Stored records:
↓↓↓
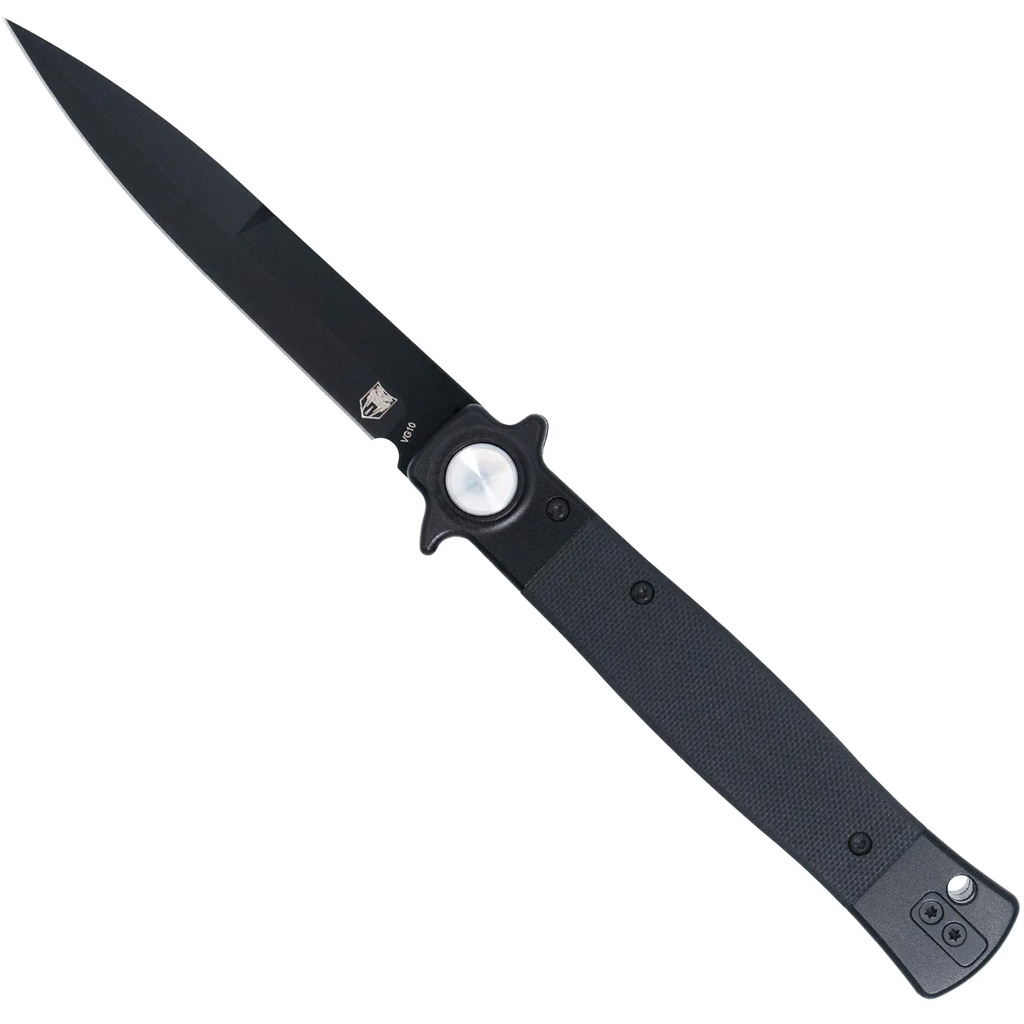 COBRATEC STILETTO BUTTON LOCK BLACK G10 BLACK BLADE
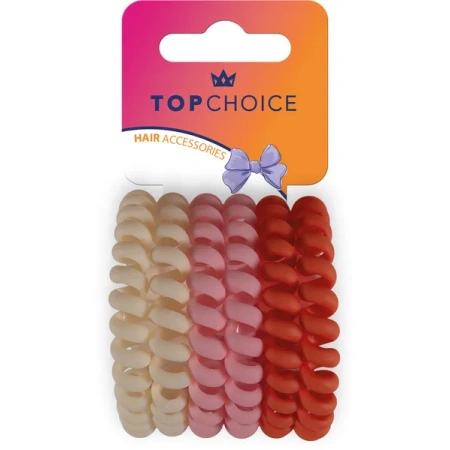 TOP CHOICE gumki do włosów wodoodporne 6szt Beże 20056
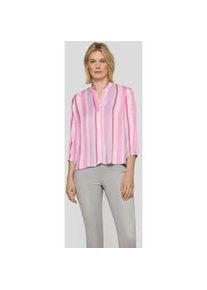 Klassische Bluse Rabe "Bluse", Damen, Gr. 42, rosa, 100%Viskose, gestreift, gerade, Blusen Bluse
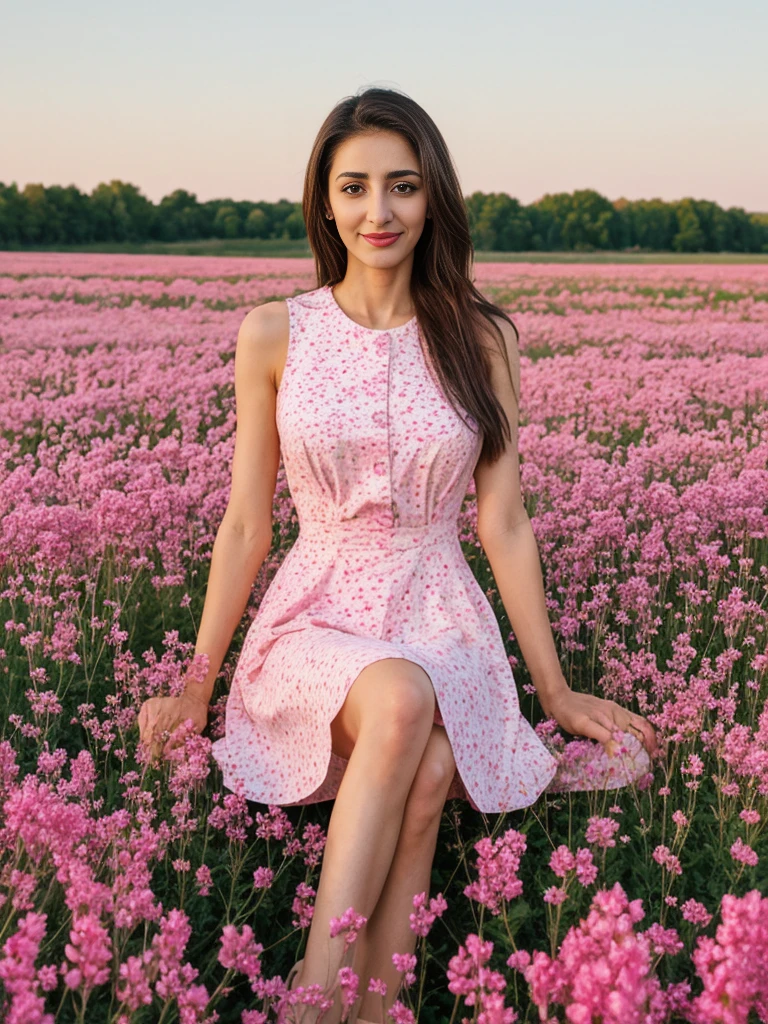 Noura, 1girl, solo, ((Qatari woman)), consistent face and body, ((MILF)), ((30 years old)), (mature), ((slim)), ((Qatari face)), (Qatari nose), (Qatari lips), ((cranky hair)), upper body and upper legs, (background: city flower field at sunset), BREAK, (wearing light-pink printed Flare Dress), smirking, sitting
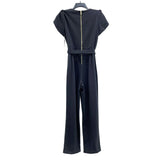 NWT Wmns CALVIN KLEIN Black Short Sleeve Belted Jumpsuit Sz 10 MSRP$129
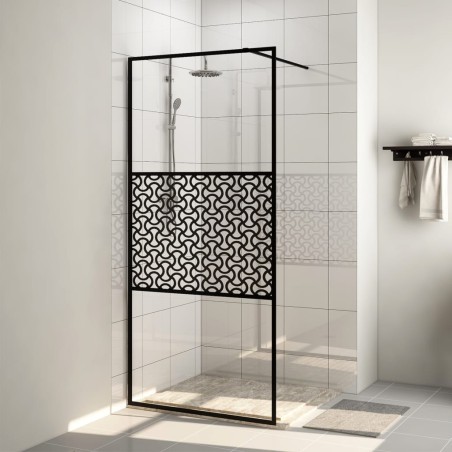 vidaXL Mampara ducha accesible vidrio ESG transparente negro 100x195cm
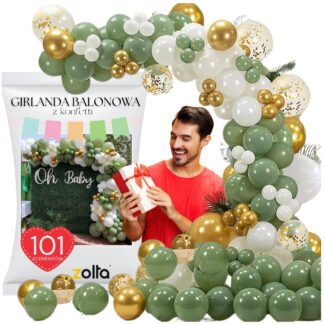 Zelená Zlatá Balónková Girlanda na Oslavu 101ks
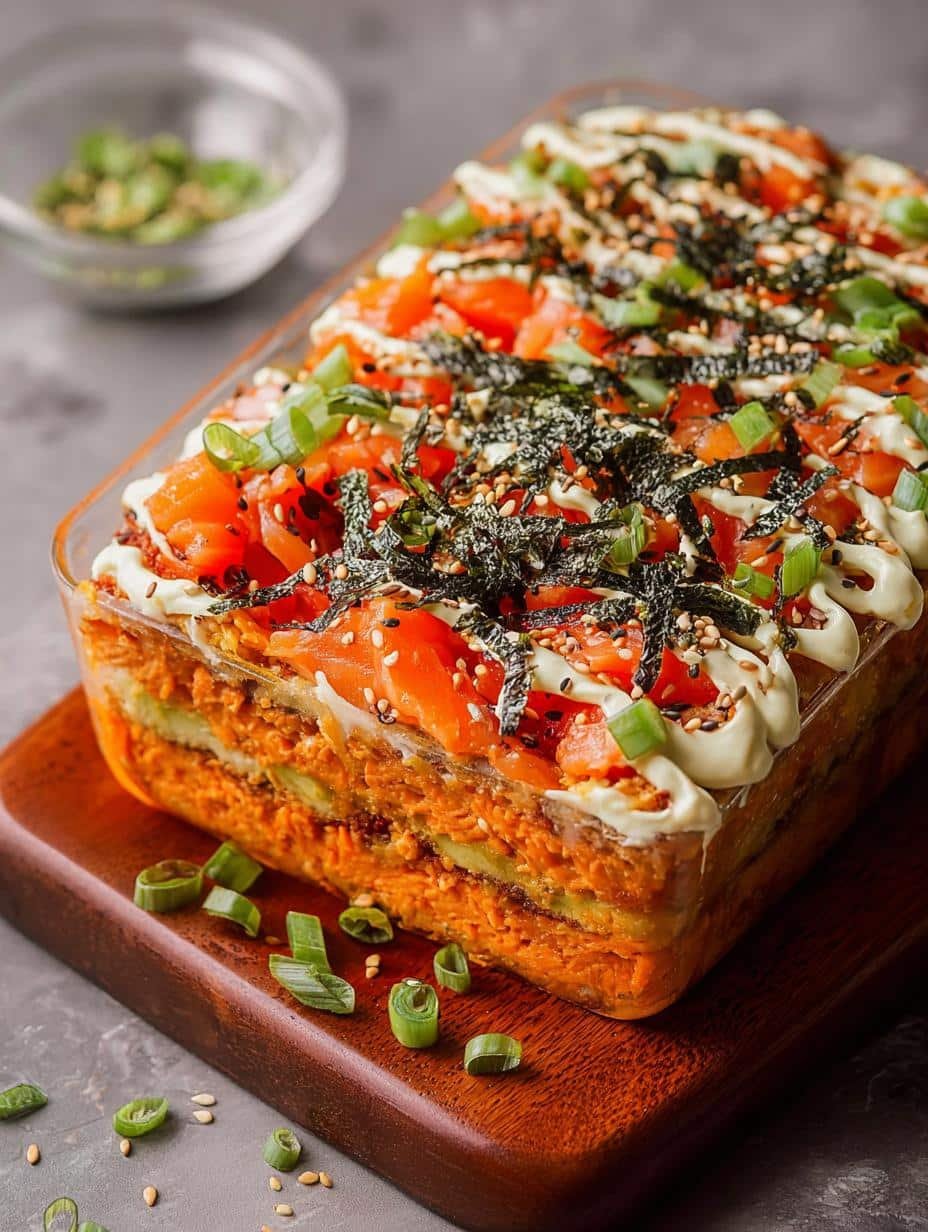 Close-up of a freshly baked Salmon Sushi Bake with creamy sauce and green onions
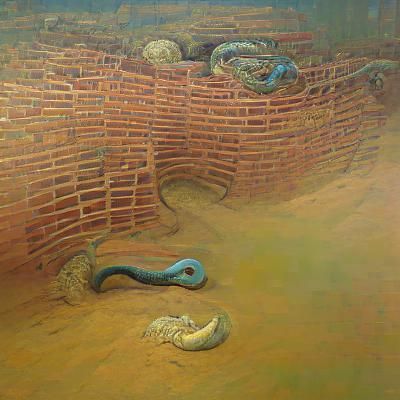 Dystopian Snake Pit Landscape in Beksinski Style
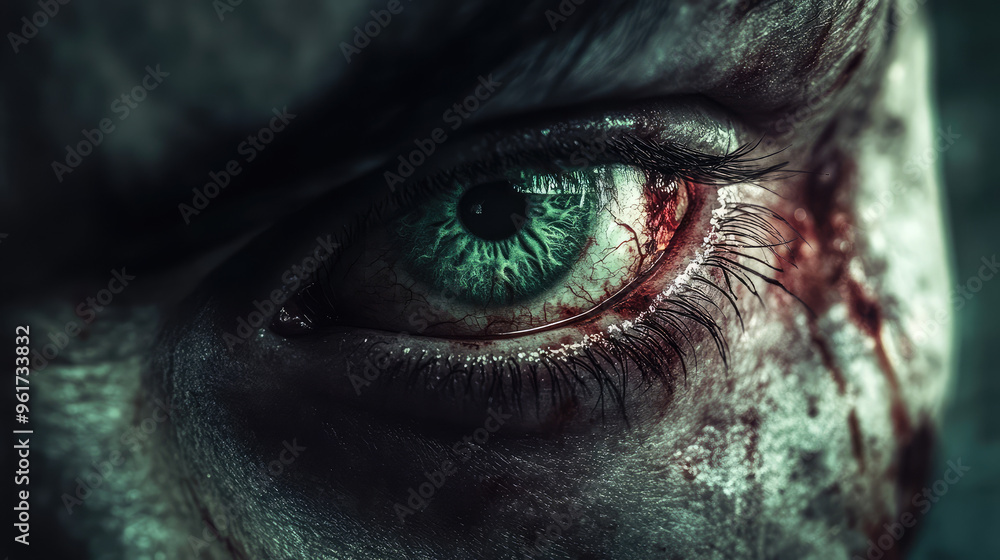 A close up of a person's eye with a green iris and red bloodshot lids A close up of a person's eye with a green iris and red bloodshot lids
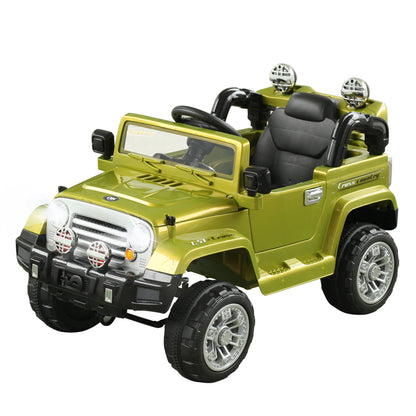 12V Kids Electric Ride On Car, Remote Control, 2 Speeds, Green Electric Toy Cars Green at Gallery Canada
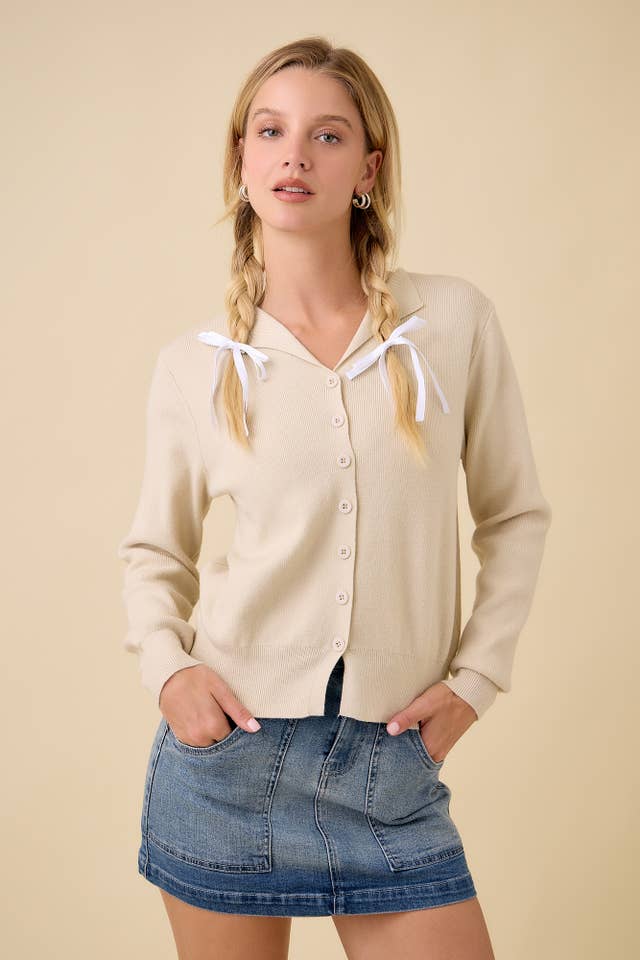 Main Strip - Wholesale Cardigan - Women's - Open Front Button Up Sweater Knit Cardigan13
↑↑↑
An exact copy is needed of the entries above, starting at the line that holds "vidaXL Mampara ducha" and stopping at the line that holds "Dystopian Snake Pit", both kept; pictures stay out.

Solved exercise
 vidaXL Mampara ducha accesible vidrio ESG transparente negro 100x195cm
 Zelená Zlatá Balónková Girlanda na Oslavu 101ks
 Close-up of a freshly baked Salmon Sushi Bake with creamy sauce and green onions
 Dystopian Snake Pit Landscape in Beksinski Style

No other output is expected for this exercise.